» **DATASET EXCERPTS**
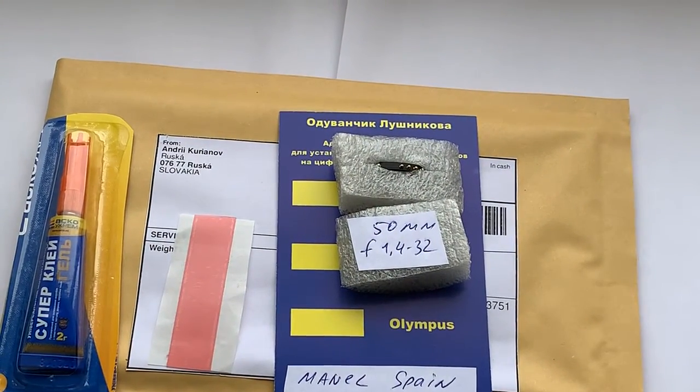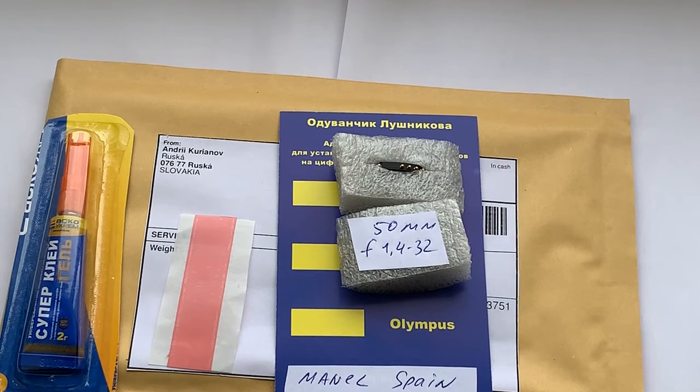Now I package your chip and send it to you tomorrow morning from Slovakia. Thank you for your attention. Thank you very much.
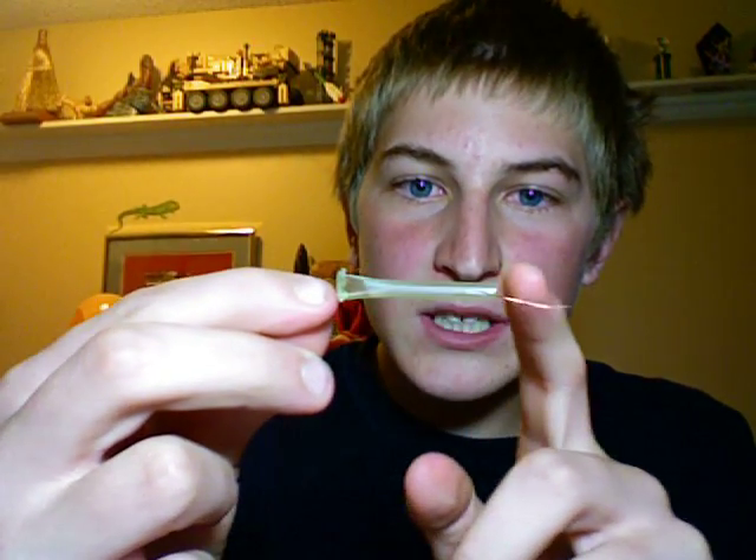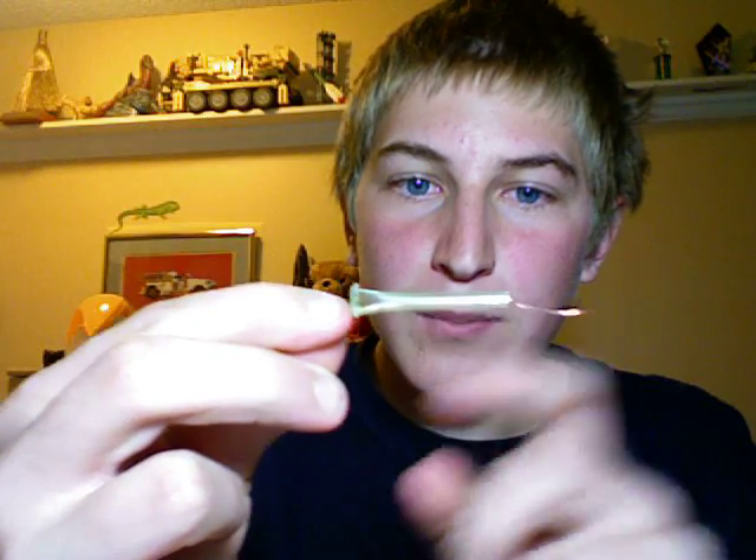What you want to do now is seal one end of the tube so that nothing can get out of it with the lighter. Now my straw is totally sealed on one side, and you can see that there's an empty space running along beside the wire.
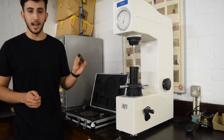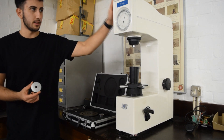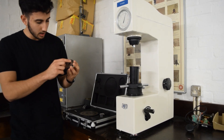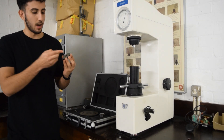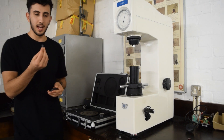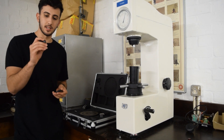A material like mild steel is used as a calibration test piece to check that the machine is in order and is up to calibration. It's got numbers written on it that specify its actual hardness. Since this is mild steel, we'll be using a Scale B indenter with a steel ball.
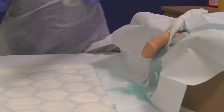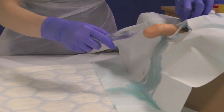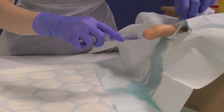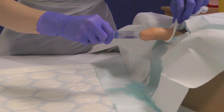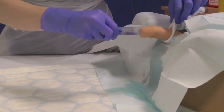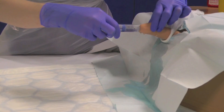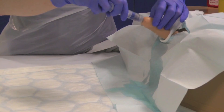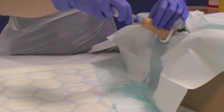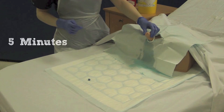Once you have finished cleaning the genitalia, take your Instillagel and, whilst holding the penis erect, insert 11 millilitres into the urethra. Dispose of the syringe into the sharps bin. Gently squeeze the tip of the penis to prevent leakage of the gel, allowing five minutes for the gel to take effect.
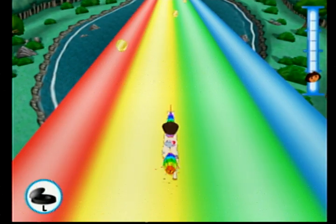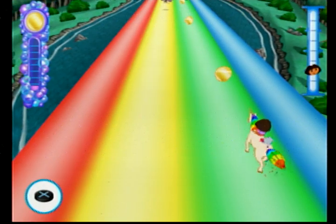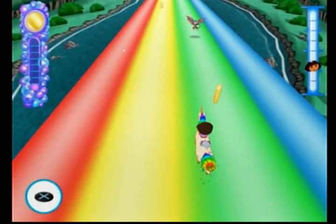Analog stick left or right to move the unicorn left or right. Press the X button to make the unicorn jump over an obstacle.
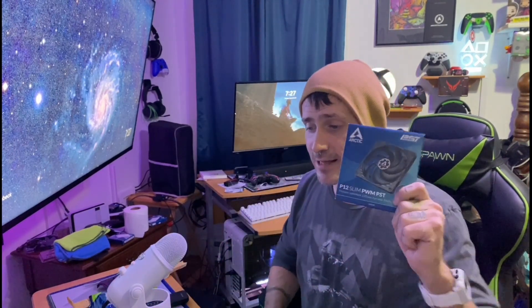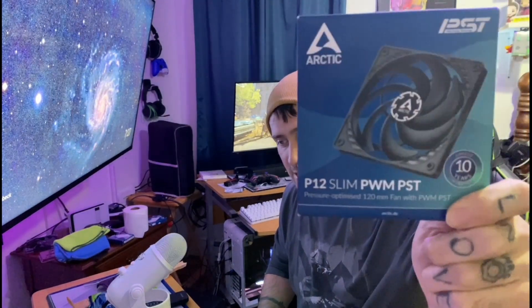It still didn't do everything I needed, so I had to do a little modification. I got two of these — the Arctic P12 Slim PWM PST fans — off Amazon for $10 a piece, so an extra $20. I also got the cooler originally from Amazon... well, from eBay.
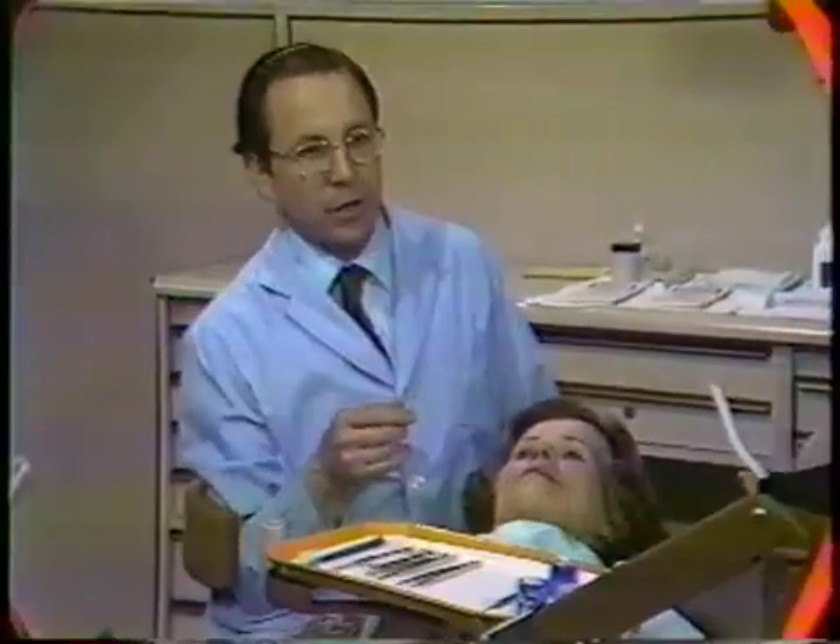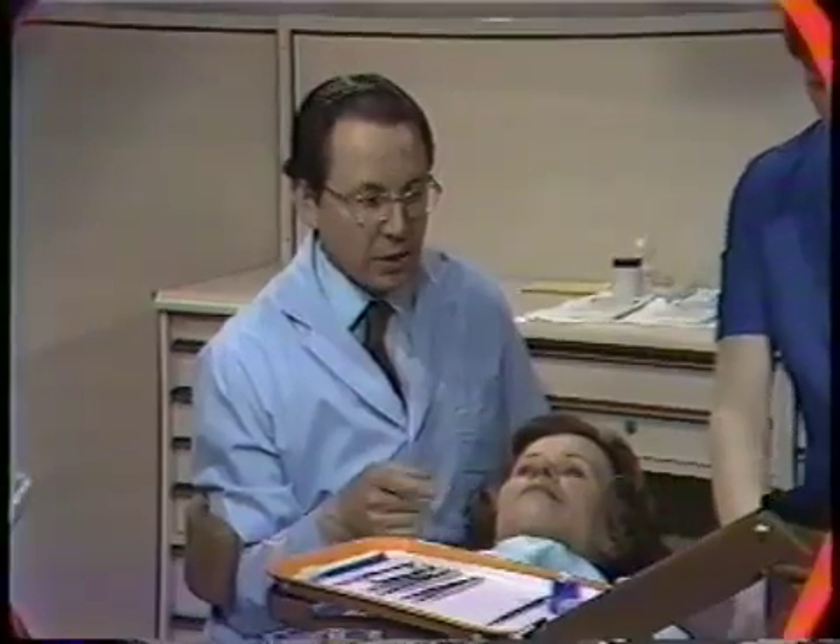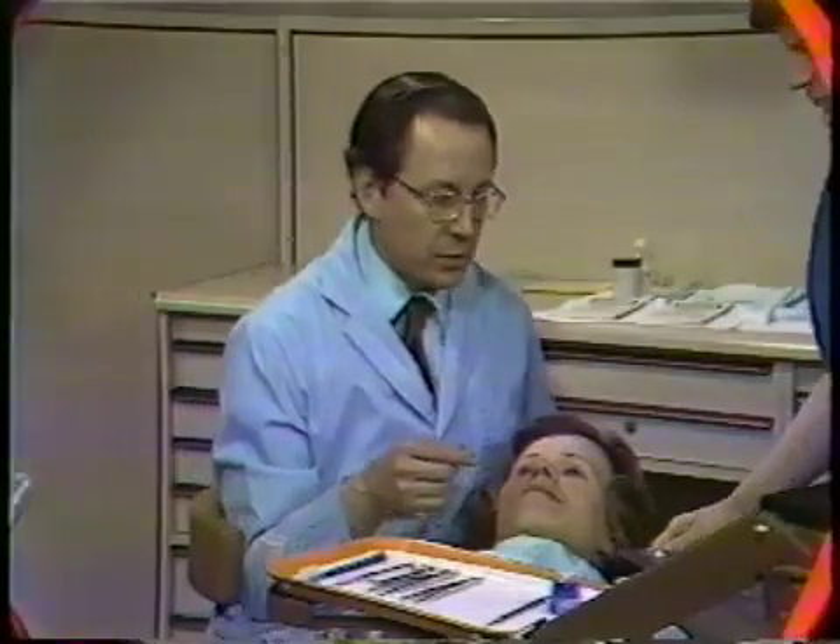Frequently at this time, the teeth are polished with pumice to further clean them, and we're going to do that now. It is also possible, if the tissues are too tender right after removal of a dressing, to do this polishing a week or two later, when the tissues have healed more.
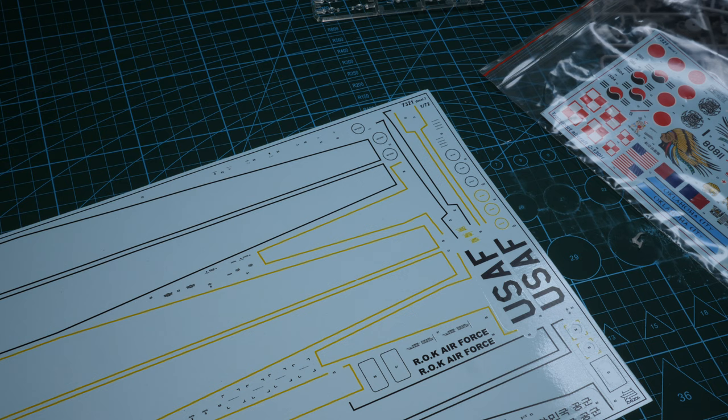That rounds off the review of the Zvezda Hercules. Make sure you check out the other video if you're interested in the aftermarket components available via Armor Models. We will be building this one quite shortly. Take it easy guys and see you soon.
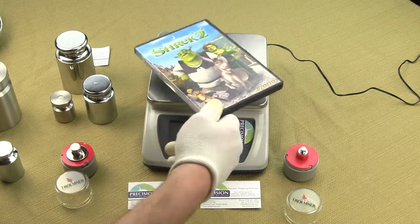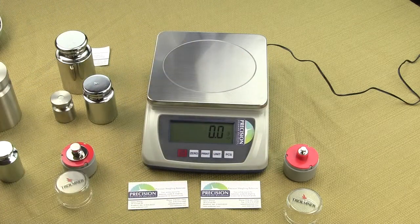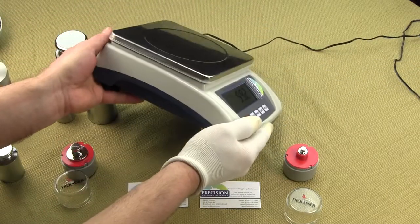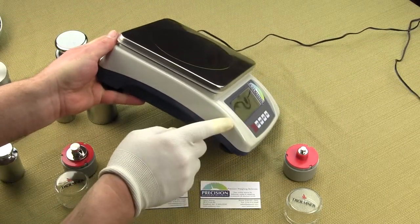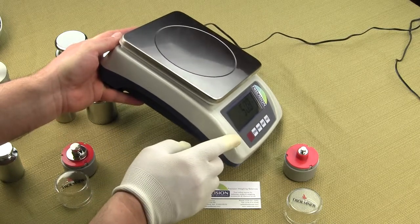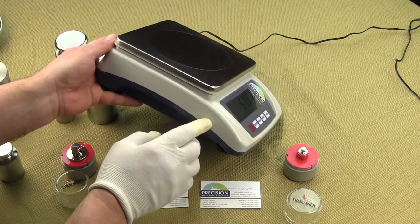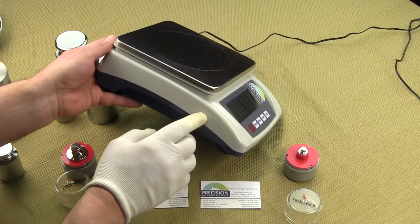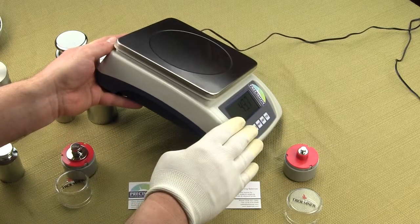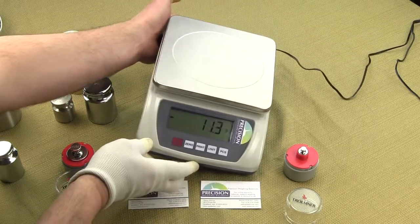If you do have a large object that extends over the platform, you'll notice that the display is on about a 40-degree angle. So if you do have large objects, you'll still be able to see that display. Most comparable scales in this category — if you look at an Ohaus Scout or an A&D EJ or EK series — the LCD is in the same plane, so if it's a large object, it would cover the display altogether.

» **WHAT IS BEING ASKED**
From the records above, quote word for word only the lines beginning at the line that has "Frequently at this" and stopping after the line that has "That rounds off". Omit the pictures.

» **EXERCISE SOLUTION**
Frequently at this time, the teeth are polished with pumice to further clean them, and we're going to do that now. It is also possible, if the tissues are too tender right after removal of a dressing, to do this polishing a week or two later, when the tissues have healed more.
That rounds off the review of the Zvezda Hercules. Make sure you check out the other video if you're interested in the aftermarket components available via Armor Models. We will be building this one quite shortly. Take it easy guys and see you soon.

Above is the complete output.